In between putting veggie starts in the garden, staking drooping peonies and irises, and chasing crows away (that’s a story I mean to tell later!) I keep getting back to searching the holy grail for painting watercolor florals. So before getting even farther behind posting, here are the latest. Call them experiments, studies, paintings, whatever you wish. They are reviving my abiding love of watercolors, the medium that, over 30 years ago, led to me calling myself an artist.

I had to dig out an old Robert E. Wood palette, never used and now absolutely perfect for the level of pigment intensely needed when painting wetly! 

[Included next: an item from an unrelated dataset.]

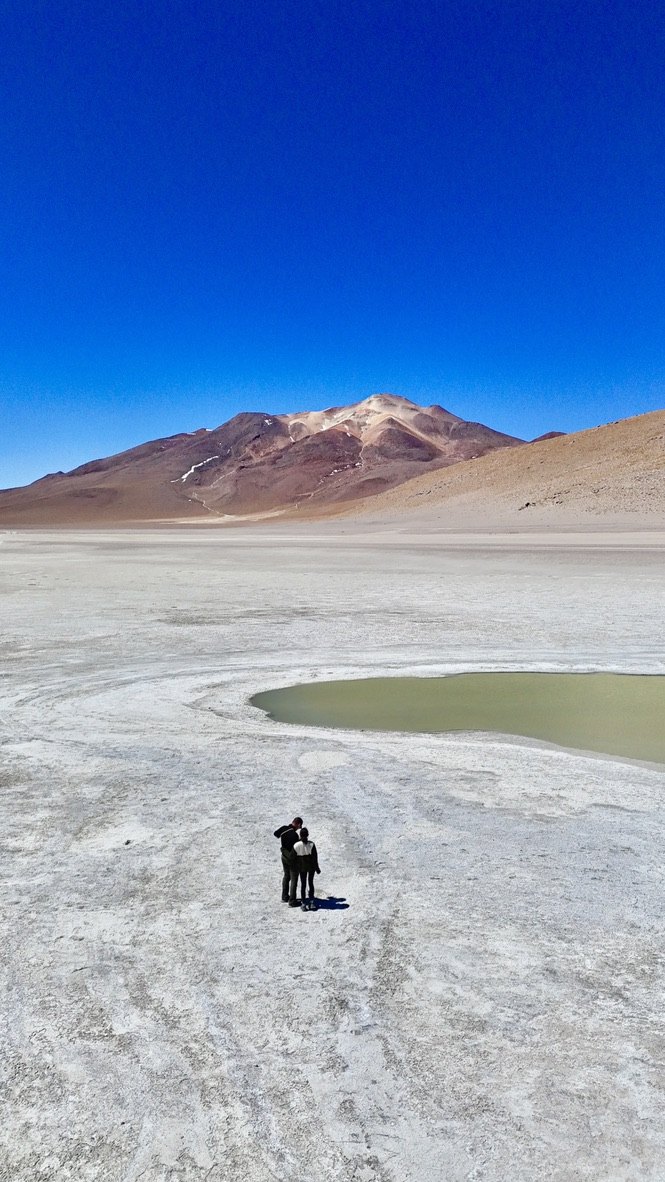 Couple devant une lagune de l’Altiplano en Bolivie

Lately I’ve been pulling out some of the granulating pigments I’d stashed away. Artist quality watercolor tube paints usually keep for years. I found a tube of Sennelier Quinacridone Purple and put it to work on those violety pink blooms and the DS Moonglow is spectacular with yellows. So I’ve been doing lots of playing with water and new color mixes and gotten out some of my softer, natural hair brushes as well as bamboo pen.

Sometimes I look at flowers in an arrangement or singly and try to copy the details, and other times  I’m responding and inventing as the water moves the pigments.

My first white irises might have gotten overworked, but hopefully the shapes are stored in memory now. 

Purple irises are blooming now and I added Carbazole Violet to the palette and did some scraping texture with the bamboo pen and line with a watercolor pencil.

No flower name necessary here for the sensation of vigorous colorful growth.

The peonies are the show stoppers, but get out there and catch them now! They’ll be gone in a flash with summer’s early arrival.